Women that Made an Impact in the Automotive Industry – Women History Month
Women have played important roles throughout history, molding society and the world alongside their counterparts. March is the annually declared month that highlights the contributions of women to events in history and society. In the United States, The Library of Congress, National Archives and Records Administration, National Endowment for the Humanities, National Gallery of Art, National Park Service, Smithsonian Institution, and United States Holocaust Memorial Museum join in commemorating and encouraging the study, observance, and celebration of the vital role of women in American history.
As an industry Fred Martin is a part of, we would like to highlight in the celebration of this month with some of the women who have made an impact in the automotive world. Here are some women who made a difference and changed the automotive world with contributions:
Martha Benz
In 1886, Benz premiered the Benz-Patent Motorwagen, the world’s very first automobile. Two years later, Martha Benz, alongside her teenage sons in the Motorwagen, took a drive across their home country of Germany. The total length of the trip was 66 miles. That drive became the first long-distance road trip ever recorded while in an automobile.
Mary Anderson
Mary designed the very first windshield wiper. Her design consisted of a manual windshield wiper that was a rubber blade, operated with a crank.
Charlotte Bridgwood
Following in Mary’s concept, Charlotte engineered the first electronically-operated automatic windshield cleaners, also known as the “Storm Windshield Cleaner” back in the day.
Florence Lawrence
Charlotte Bridgwood’s daughter Florence followed in her mother's footsteps, adding her ideas to the automotive world with the most important customizations to date that became the foundations of standard automotive safety. Her invention of turn and braking signals was revolutionary.

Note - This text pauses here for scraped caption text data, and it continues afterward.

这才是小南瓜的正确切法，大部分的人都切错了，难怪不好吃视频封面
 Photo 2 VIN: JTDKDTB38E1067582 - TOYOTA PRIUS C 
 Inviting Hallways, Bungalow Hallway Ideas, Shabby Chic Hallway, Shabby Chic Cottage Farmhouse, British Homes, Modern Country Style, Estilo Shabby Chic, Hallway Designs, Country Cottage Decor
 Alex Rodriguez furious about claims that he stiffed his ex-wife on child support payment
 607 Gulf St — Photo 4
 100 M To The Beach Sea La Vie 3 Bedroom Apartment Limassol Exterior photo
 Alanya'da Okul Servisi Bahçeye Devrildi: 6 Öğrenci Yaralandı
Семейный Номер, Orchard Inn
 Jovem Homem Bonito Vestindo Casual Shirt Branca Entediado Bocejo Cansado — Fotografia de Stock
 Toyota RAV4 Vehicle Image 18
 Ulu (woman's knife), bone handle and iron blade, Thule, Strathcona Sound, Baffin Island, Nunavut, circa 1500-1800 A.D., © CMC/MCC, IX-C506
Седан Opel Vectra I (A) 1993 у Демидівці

The turn signals were flags that would flare out of the car’s bumper at the push of a button. Her brake signal was an actual sign that said “STOP,” which popped up when the brake pedal was pressed. Lawrence never patented these ideas, but they went on to shape traffic safety forever. Florence is widely credited with the invention of the first turn signaling system, as well as the first mechanical brake signal.
Emily Post
During the earlier time of the automobile age, a woman driving a vehicle was pretty rare. As one of the first writers to popularize the idea of a woman behind the wheel, Emily tells women that they do not need a chaperone in the car. According to her, it’s perfectly proper for a woman to drive herself, or even to drive a male passenger.
Hedy Lamarr
Hedy set the foundations in modern times that brought about the current technology in the vehicles that we drive today. She drew up plans for an improved traffic stoplight frequency-hopping signals. Her advances in communication technology led to today’s Wi-Fi, Bluetooth, and, perhaps most important to modern vehicles, GPS.
Mimi Vandermolen
She led the interior design of the game-changing Ford Taurus, which included innovations such as ergonomic seats, rotary dials for climate control, a digital instrument panel, and a complete suite of dashboard controls within the driver’s reach. The interior of your own car was most likely inspired by her Taurus design as her designs basically introduced a new standard in interior design to the daily driver.
Women involvement in shaping the history of the automotive industry is what assisted in the creation of the vehicles we drive today, and even at this very moment, new innovative women continue to lead the automotive industry with their ideas, inventions, and leadership.